They are fairly reasonably priced I guess.

Adam


----------



## paulm (7 Feb 2007)

I think you have a significant risk there Adam, in the hopefully unlikely event that you had a significant claim relating to your workshop, that they would not cover it.

Unless I had fully disclosed to them the value of possessions that were in the workshop, or they were specific about covering it and to those values, I would be very concerned that a claim would be rejected.
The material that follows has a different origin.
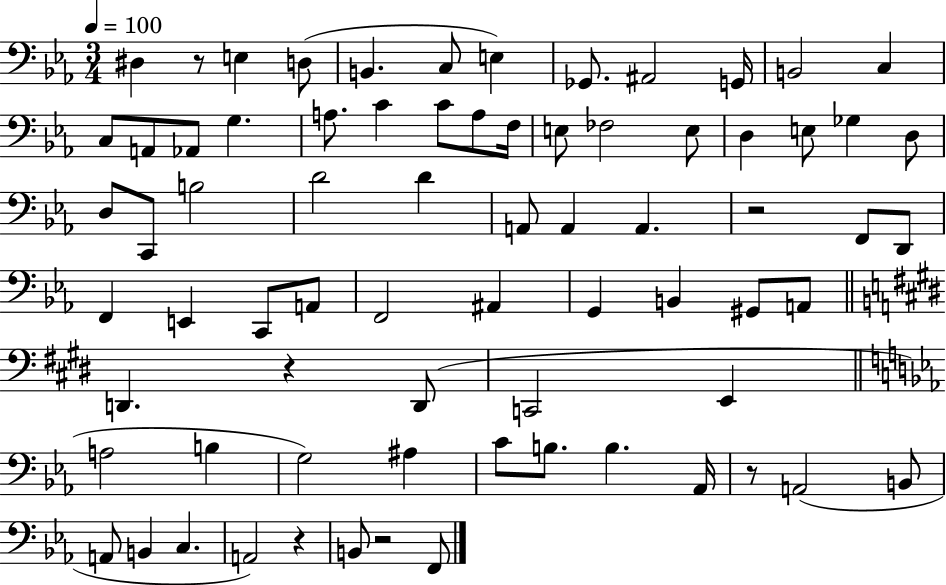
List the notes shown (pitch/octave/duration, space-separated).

Sorry to be pessimistic but I would honestly want to check it out with them for peace of mind.

Cheers, Paul.


----------



## JFC (7 Feb 2007)

CIS tel 08457 464646 . You need to have your contents insurance with them and they will insure your tools all risks on a seperate insurance . They have paid out 5 times for me . ( that means ive had my tools nicked 5 times :evil: )


----------



## RogerS (7 Feb 2007)

nhough":1hpui3ku said:


> Roger Sinden":1hpui3ku said:
> 
> 
> > We're with NU ..virtually unlimted (can't remember the exact amount but I could reequip Phillys several times over!) cover on outbuildings contents but it ain't cheap.
> ...



I will check our small print :?


----------



## Adam (8 Feb 2007)

chisel":626qt6sv said:


> I think you have a significant risk there Adam, in the hopefully unlikely event that you had a significant claim relating to your workshop, that they would not cover it.
> 
> Unless I had fully disclosed to them the value of possessions that were in the workshop, or they were specific about covering it and to those values, I would be very concerned that a claim would be rejected.
> 
> ...



I've rung three times in as many years to double check, but when this question originally came up, I bumped up my value by £15K, realising my cover "wasn't enough". They are only interested if single items are larger than £1.5K in value. It covers including all locked garages and other outbuildings (including sheds). 

Adam


----------



## Anonymous (8 Feb 2007)

Adam":71ojporg said:


> They are only interested if single items are larger than £1.5K in value. It covers including all locked garages and other outbuildings (including sheds).
> 
> Adam



I am with them too and this is what they also told me - not bothered about garage/house location, only high value of a single item


----------



## Oddaccent (4 Mar 2020)

Hi there. Did you ever find someone? I'm in the same situation. I rent a garage from my next door neighbour and our household insurance won't cover the contents because it's not on the same deed. There's just over £3-4k of tools and another £6-7k of other household stuff in there. Feeling a bit uneasy right now, since there have been some burglaries in the area.


----------



## Rorschach (4 Mar 2020)

Oddaccent":1k3lii7g said:


> Hi there. Did you ever find someone? I'm in the same situation. I rent a garage from my next door neighbour and our household insurance won't cover the contents because it's not on the same deed. There's just over £3-4k of tools and another £6-7k of other household stuff in there. Feeling a bit uneasy right now, since there have been some burglaries in the area.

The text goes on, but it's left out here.